That situation is expected to be temporary, since everything is also expected to ramp back up as countries reopen and manufacturing in many places has restarted. Still, it’s striking how quickly the faucet can slow to a drip, even in a facet of the economy that had been positively booming.

From Bloomberg:

Battery shipments to carmakers are forecast to fall 14 percent in 2020, and the effects of the slowdown are seen lingering into next year.

Major producers, including South Korea’s LG Chem Ltd., a supplier to Tesla Inc. and General Motors, have cut annual sales forecasts. Analysts expect the industry’s planned vast expansion of manufacturing capacity to slow down. Startups burning through cash as they work on potential breakthrough technologies are bracing for a tougher sell to secure funds.

Fourteen percent might not sound like much but the market for lithium-ion batteries has truly exploded in the past 5-10 years, and will only get bigger as automakers rush to make more electric cars. That’s why everyone involved seems to be treating this as a blip more or less.

Despite short-term pressures, Zeng Yuqun, chairman of CATL, said there is “great confidence in the long-run.” In less than a decade, his company has grown to lead its industry: CATL’s sales rose 90 percent in 2019, according to BloombergNEF.

Lithium ion battery demand has more than doubled since 2015 and remains on track for about a ninefold expansion from last year to the end of the decade. The sector is also forecast to keep lowering costs. Battery prices plunged 87 percent in the past 10 years, pushing plug-in EVs to near sticker-price parity with gas guzzlers.

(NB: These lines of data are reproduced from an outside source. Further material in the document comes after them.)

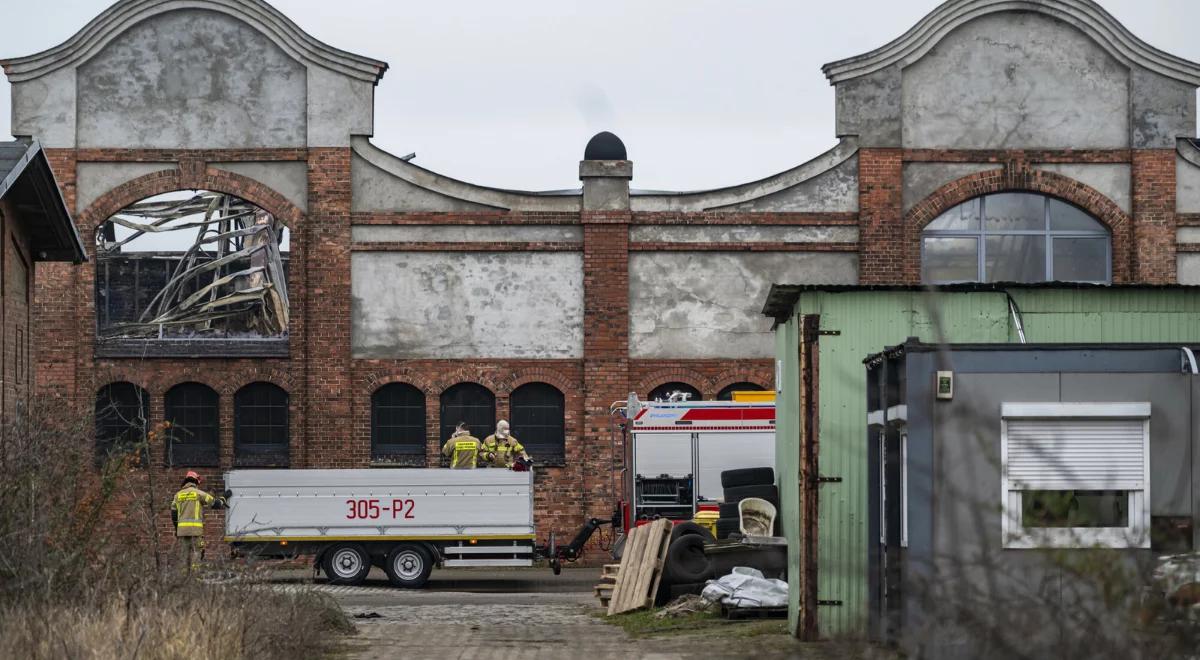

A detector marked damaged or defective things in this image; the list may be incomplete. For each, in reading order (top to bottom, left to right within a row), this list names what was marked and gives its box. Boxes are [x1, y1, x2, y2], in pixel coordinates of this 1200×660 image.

fire damage [96, 192, 288, 340] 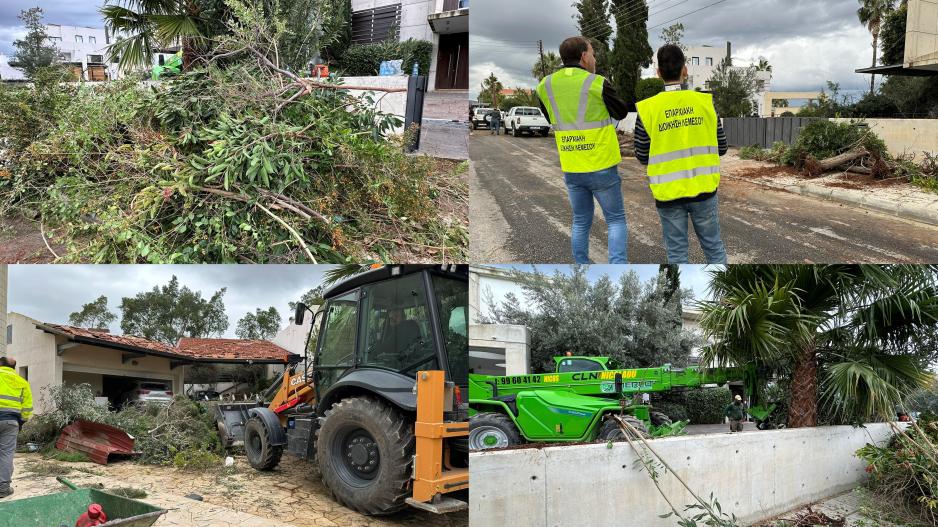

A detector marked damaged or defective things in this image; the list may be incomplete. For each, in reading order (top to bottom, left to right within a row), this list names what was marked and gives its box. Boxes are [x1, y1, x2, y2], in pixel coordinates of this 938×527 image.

damaged roof [36, 324, 294, 366] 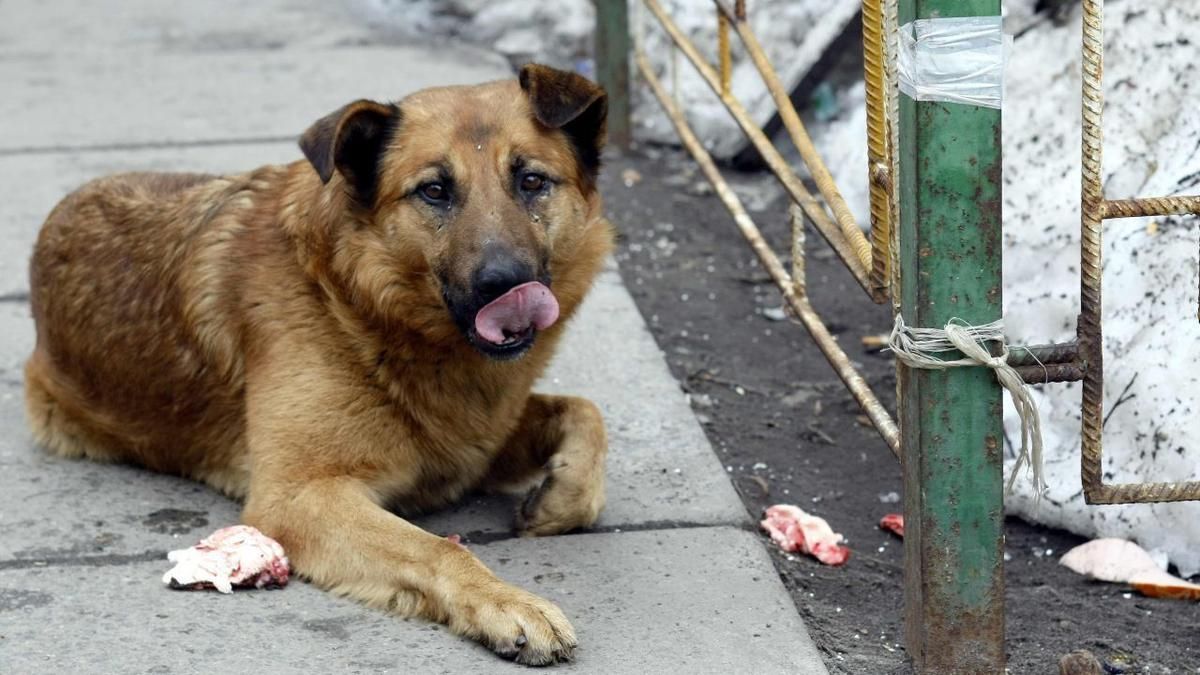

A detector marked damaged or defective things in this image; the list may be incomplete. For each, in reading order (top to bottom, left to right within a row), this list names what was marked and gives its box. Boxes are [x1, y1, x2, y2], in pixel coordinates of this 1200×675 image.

rusty metal pole [592, 0, 632, 149]
rusty metal pole [896, 0, 1008, 672] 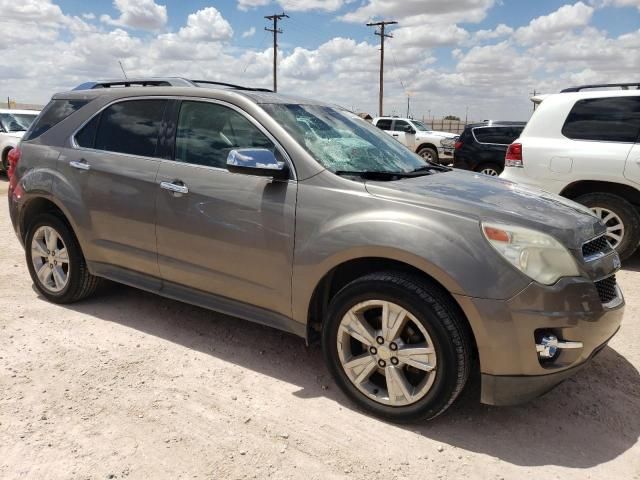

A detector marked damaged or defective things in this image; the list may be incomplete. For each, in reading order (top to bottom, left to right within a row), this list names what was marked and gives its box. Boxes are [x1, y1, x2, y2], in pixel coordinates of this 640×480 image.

shattered windshield [258, 103, 428, 174] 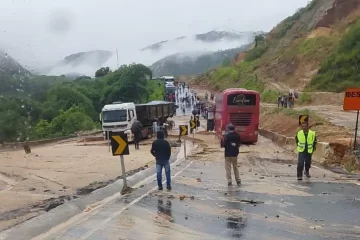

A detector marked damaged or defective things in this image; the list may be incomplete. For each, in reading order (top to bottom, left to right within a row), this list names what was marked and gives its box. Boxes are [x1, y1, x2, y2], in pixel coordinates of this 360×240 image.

damaged road [16, 136, 360, 239] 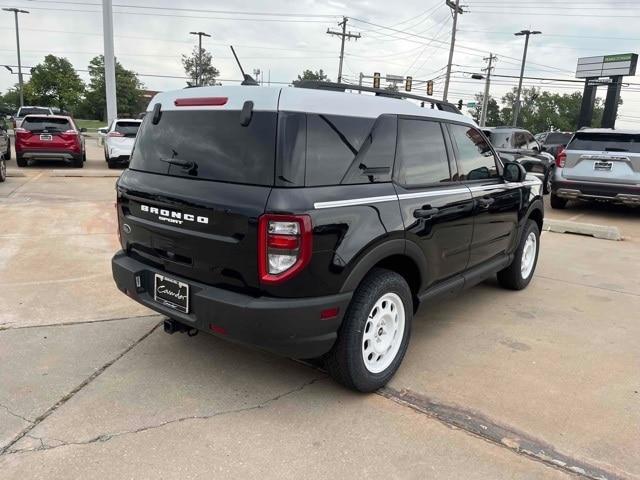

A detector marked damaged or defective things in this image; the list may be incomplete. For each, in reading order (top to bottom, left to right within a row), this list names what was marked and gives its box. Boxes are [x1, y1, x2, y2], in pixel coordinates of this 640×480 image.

crack in pavement [0, 402, 34, 424]
crack in pavement [0, 320, 160, 456]
crack in pavement [3, 376, 324, 456]
crack in pavement [380, 388, 632, 480] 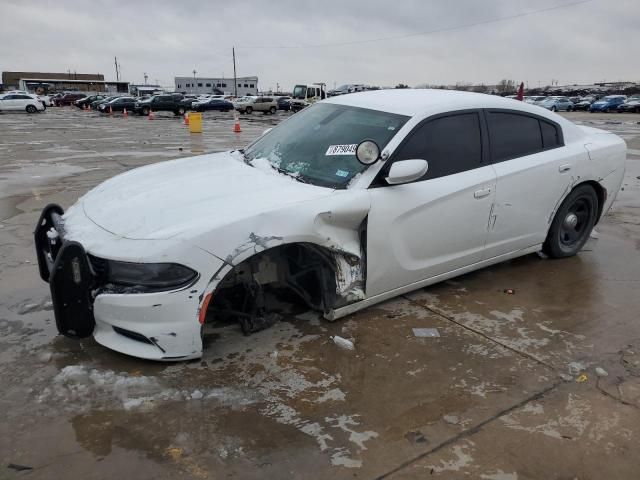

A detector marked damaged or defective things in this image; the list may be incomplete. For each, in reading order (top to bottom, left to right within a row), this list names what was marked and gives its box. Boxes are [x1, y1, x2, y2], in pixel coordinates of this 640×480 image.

damaged white sedan [35, 90, 624, 360] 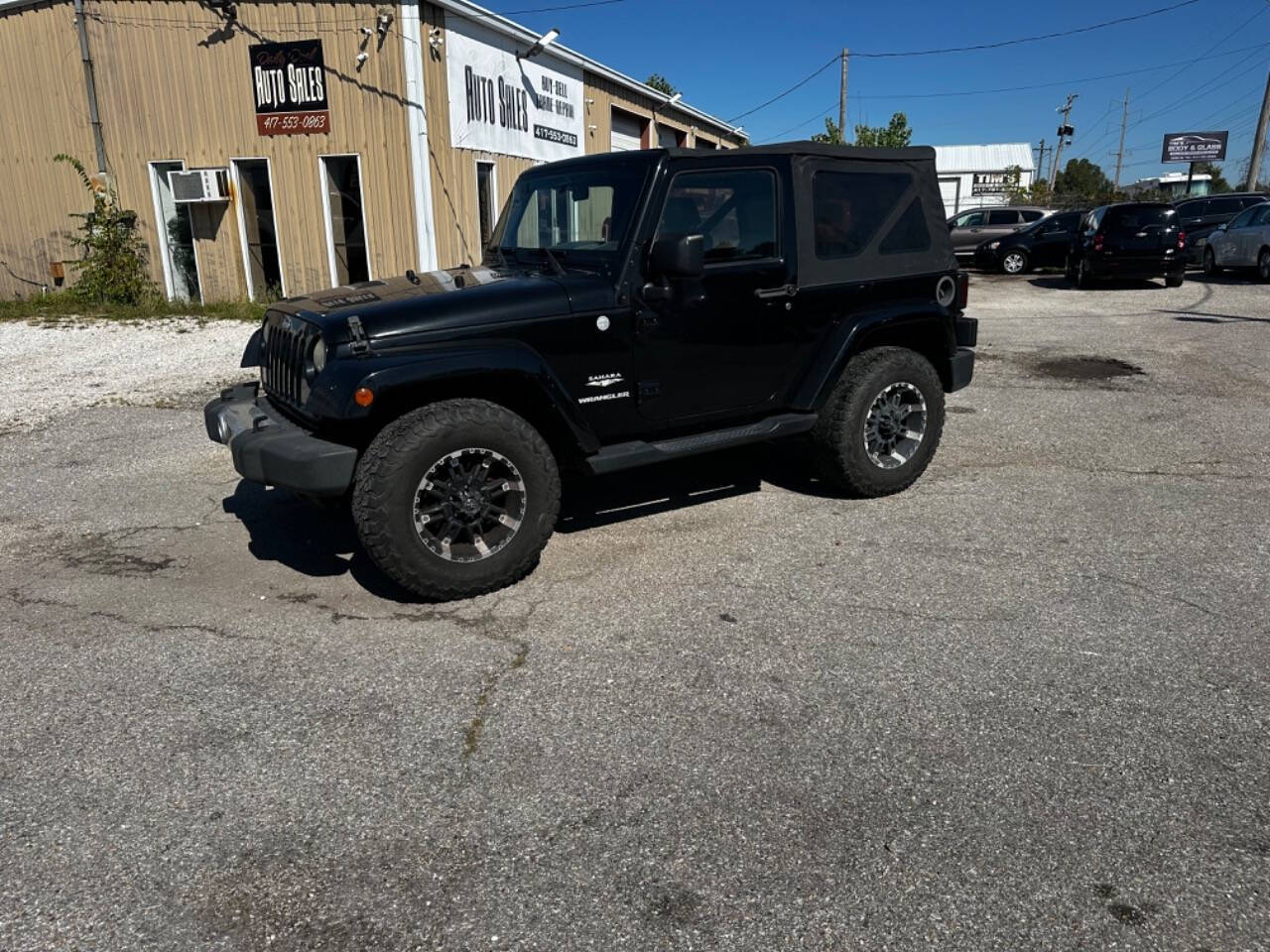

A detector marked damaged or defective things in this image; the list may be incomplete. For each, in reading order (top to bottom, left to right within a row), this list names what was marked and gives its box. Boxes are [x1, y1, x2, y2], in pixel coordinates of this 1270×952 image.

cracked pavement [2, 271, 1270, 949] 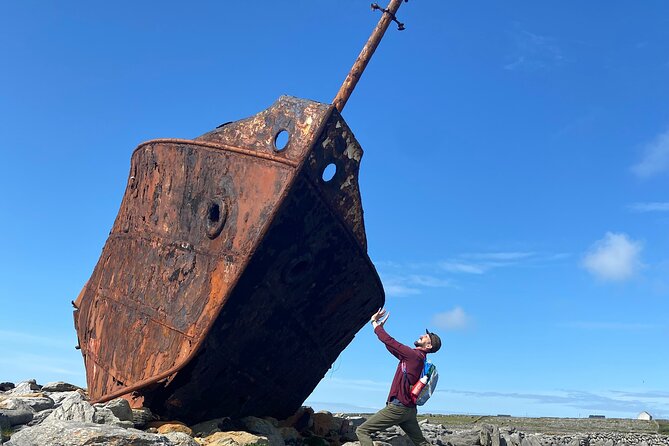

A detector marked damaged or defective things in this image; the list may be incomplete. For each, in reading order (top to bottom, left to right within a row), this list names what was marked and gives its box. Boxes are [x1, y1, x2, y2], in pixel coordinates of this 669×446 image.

corroded metal hull [72, 96, 384, 424]
rusty shipwreck [73, 0, 408, 422]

More and more I’m convinced that battery-electric cars are a bridge technology to get to the next thing, which could be hydrogen-electric or could be something else entirely. Still, we’re probably decades away from having a clear view of just what it will be, and in the short-term the path is pretty obviously lithium-ion flavored, even as automakers like Toyota continue to place different bets.